Exercise goal - Where the line with "this 800×450 image." appears below, start writing out lines exactly, and finish with the line with "this 1270×952 image.", which is included; write out nothing else.

·····

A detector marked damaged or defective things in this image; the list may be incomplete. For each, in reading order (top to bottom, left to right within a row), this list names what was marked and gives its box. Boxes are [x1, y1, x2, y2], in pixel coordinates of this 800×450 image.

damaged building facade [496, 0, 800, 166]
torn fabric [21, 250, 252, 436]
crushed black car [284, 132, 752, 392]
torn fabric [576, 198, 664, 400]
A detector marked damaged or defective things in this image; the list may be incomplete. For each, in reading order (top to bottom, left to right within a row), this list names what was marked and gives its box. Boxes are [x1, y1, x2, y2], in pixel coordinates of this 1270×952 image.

·····

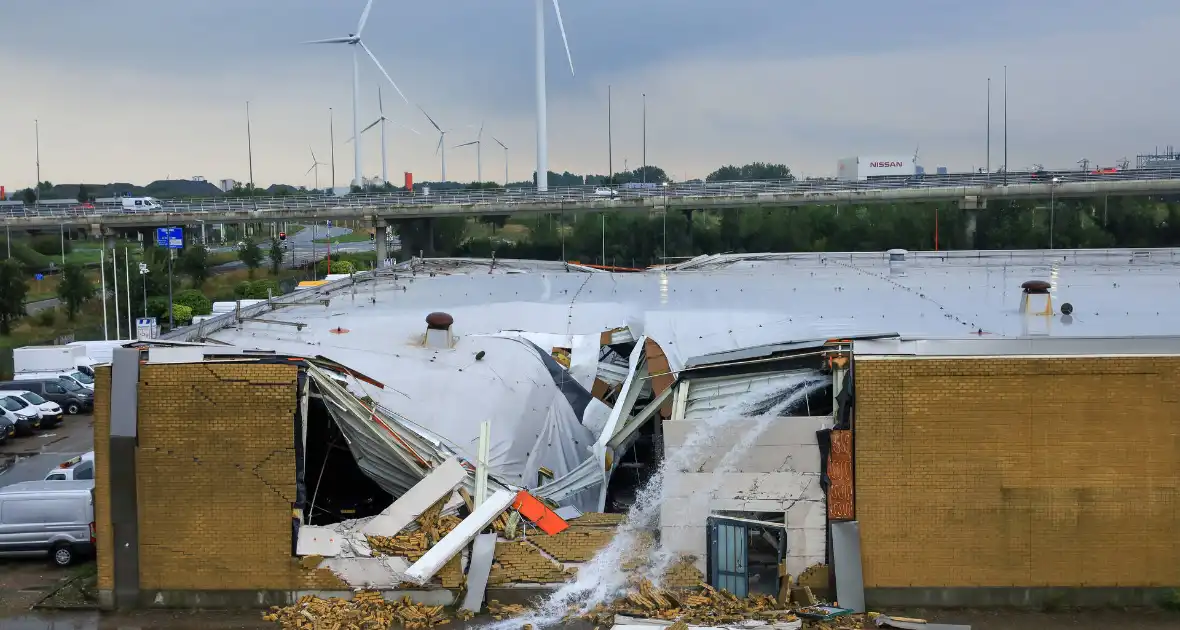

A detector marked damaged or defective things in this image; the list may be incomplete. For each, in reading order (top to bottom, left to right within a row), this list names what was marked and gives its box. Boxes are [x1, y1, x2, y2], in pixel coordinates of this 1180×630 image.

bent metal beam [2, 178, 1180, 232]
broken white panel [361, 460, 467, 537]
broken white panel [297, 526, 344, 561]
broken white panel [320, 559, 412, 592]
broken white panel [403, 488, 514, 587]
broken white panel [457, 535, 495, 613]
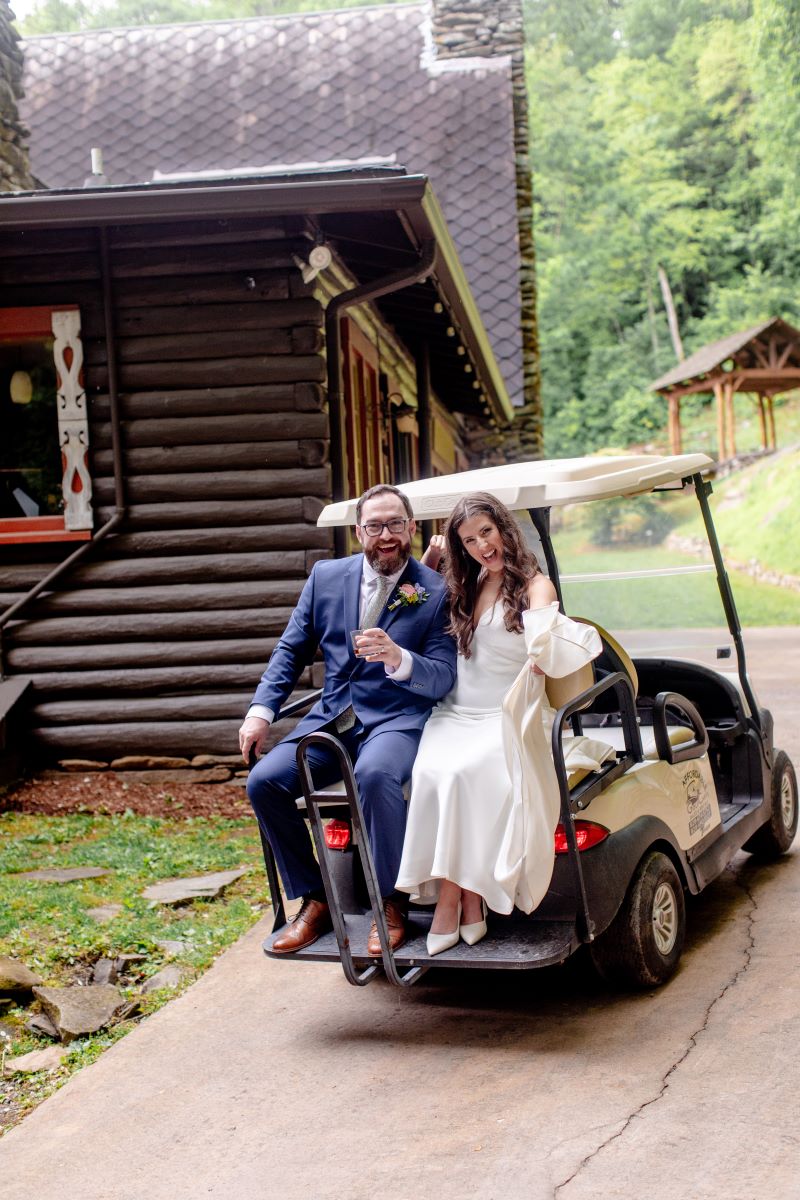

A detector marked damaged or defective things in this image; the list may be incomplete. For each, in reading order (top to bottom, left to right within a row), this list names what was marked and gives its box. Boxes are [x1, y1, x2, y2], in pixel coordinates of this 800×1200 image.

·····

Output for this task -
A detector marked damaged or defective things in this image; the list may be incomplete. For each, in reading order (top to bottom, left to right within a row), this list names what was marked and gives its box. Boxes are [x1, y1, x2, y2], in pixel coordinates of this 800×450 image.

damaged building facade [496, 0, 800, 166]
torn fabric [21, 250, 252, 436]
crushed black car [284, 132, 752, 392]
torn fabric [576, 198, 664, 400]
A detector marked damaged or defective things in this image; the list may be incomplete. For each, in reading order (top to bottom, left to right within a row), this list names what was marked and gives its box. Boxes are [x1, y1, x2, y2], in pixel coordinates of this 1270×952 image.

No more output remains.